Over the past two decades, the international community's primary approach to addressing Islamist-related extremism and terrorism has long centered around military strikes and administrative control. From the United States launching the "Global War on Terror", to the continuous strengthening of border controls, religious regulation, and anti-extremism legislation by various countries today, to targeted eliminations and transnational joint military actions against extremist organizations, all these measures have achieved certain results in weakening the physical capabilities of terrorist organizations and compressing their operational space. However, judging from the developmental trajectories from Afghanistan, Iraq, and Syria to the Sahel region, and from Al-Qaeda to the "Islamic State", as well as the "Islamic State Khorasan Province" (IS-K) and the Tehreek-e-Taliban Pakistan or Pakistani Taliban (TTP), extremism has not disappeared with the continuous advancement of military operations. Instead, within new social environments, it has continuously adjusted its form and acquired new incremental channels of dissemination, using religion as its ideological foundation.

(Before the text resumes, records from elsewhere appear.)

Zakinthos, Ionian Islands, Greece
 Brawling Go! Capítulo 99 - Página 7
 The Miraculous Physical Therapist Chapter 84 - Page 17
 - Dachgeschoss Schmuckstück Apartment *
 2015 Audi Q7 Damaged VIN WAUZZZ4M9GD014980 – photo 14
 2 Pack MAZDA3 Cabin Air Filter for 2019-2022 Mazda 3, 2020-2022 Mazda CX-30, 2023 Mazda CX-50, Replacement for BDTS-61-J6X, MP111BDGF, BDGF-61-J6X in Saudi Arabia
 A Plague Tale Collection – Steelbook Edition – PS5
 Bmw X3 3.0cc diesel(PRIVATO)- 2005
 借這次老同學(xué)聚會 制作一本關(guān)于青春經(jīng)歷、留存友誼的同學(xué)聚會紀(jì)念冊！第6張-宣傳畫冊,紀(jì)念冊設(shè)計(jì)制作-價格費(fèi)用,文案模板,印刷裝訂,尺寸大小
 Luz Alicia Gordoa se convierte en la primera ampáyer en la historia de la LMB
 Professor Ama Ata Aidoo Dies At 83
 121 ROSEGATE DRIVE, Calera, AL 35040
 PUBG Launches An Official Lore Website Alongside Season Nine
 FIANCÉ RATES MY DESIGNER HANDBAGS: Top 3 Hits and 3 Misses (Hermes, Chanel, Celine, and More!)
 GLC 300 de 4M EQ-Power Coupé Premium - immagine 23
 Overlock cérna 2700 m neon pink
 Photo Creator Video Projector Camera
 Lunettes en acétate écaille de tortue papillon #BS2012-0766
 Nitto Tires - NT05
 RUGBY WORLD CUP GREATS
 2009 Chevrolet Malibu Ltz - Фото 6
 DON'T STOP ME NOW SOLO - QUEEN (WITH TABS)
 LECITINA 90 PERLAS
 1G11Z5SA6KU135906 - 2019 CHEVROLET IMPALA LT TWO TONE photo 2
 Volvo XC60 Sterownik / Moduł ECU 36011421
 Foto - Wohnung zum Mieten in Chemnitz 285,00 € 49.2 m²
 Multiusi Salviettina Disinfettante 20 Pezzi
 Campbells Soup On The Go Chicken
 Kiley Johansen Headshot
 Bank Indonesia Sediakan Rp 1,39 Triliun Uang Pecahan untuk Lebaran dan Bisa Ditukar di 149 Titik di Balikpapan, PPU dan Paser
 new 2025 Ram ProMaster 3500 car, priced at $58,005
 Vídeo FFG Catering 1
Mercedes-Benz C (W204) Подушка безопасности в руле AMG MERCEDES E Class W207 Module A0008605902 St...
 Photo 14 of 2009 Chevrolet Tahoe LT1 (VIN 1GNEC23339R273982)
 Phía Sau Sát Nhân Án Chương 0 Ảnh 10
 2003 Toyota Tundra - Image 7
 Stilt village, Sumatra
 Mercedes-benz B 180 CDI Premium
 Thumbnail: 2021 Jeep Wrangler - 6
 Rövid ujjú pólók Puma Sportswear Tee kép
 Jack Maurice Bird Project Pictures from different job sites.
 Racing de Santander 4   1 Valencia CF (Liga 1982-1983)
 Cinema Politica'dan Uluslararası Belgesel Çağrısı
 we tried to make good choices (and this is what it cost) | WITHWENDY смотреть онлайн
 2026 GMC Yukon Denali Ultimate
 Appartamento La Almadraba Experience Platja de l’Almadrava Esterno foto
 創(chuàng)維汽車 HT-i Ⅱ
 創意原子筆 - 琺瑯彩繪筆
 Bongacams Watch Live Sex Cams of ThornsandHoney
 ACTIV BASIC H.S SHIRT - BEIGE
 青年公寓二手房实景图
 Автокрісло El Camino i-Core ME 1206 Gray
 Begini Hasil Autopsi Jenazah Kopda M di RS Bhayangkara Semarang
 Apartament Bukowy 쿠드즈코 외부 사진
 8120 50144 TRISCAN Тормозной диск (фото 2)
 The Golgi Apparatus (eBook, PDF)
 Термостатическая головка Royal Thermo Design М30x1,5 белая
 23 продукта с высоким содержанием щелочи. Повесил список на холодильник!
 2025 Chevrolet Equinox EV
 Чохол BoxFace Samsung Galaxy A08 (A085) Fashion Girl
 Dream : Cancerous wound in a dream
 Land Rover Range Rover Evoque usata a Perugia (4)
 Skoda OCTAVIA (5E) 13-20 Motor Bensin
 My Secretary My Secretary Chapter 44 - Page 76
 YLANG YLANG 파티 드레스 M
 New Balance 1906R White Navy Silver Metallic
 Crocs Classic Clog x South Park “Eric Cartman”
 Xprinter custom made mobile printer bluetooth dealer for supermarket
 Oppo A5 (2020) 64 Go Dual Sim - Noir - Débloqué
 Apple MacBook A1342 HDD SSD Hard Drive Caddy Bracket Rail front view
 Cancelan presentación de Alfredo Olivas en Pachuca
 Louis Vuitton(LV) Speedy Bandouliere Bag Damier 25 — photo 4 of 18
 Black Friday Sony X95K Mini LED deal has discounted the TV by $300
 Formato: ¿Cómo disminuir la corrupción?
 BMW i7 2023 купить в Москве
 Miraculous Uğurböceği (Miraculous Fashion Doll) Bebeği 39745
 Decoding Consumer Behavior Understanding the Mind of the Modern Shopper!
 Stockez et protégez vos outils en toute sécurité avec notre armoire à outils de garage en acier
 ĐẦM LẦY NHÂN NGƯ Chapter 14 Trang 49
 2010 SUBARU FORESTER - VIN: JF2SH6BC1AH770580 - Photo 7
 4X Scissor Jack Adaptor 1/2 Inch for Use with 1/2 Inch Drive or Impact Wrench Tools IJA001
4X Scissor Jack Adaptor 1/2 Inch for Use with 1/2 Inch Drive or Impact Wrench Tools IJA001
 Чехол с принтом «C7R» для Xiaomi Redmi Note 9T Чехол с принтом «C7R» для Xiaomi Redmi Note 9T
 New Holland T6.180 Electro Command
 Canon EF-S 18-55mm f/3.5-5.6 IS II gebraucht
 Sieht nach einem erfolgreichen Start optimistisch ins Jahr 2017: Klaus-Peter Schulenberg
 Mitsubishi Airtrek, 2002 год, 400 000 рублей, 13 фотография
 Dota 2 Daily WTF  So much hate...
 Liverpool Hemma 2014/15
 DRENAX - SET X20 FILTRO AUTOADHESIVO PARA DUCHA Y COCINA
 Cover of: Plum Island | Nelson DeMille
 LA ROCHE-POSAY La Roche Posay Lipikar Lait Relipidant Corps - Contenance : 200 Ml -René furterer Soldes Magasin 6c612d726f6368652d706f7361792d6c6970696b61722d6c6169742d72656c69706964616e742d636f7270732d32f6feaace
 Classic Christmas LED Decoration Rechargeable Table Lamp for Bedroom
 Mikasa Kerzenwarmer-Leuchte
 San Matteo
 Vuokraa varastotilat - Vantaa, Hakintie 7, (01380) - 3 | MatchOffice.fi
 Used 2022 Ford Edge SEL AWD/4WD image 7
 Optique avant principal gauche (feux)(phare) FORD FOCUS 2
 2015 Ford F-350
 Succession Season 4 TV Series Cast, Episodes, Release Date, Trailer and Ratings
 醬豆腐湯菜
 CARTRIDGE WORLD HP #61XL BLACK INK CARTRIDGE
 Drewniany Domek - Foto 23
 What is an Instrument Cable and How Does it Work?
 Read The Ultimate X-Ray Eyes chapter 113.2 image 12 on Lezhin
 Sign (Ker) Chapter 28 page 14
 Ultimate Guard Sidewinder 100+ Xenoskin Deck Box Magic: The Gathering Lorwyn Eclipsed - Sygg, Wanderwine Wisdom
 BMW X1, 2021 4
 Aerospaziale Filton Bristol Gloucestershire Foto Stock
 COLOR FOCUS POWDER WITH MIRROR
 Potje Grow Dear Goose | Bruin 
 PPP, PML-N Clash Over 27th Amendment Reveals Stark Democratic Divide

For China, this issue is not a distant Middle Eastern topic, but a realistic challenge closely related to peripheral security and the construction of its Belt and Road Initiative (BRI). Especially in the Xinjiang and nearby regions, the development and evolution of Islam as an ideological foundation has a particularly direct social impact and shock. Notably, the internet and algorithms are now also profoundly changing the transmission methods of religious thought. The traditional dissemination system that previously relied on mosques, madrasas, and local religious authorities is being impacted by a transnationalized, decentralized, and fragmented network dissemination system. As it stands, an increasing number of young people engage with religious thoughts and even extremist narratives through short-video platforms, social media, and online communities. Consequently, the issue of extremism increasingly manifests as a competition of ideas and narratives, rather than merely a matter of security governance and armed conflict.

Hence, for China to seek policy solutions within massive and complex historical narratives is highly challenging.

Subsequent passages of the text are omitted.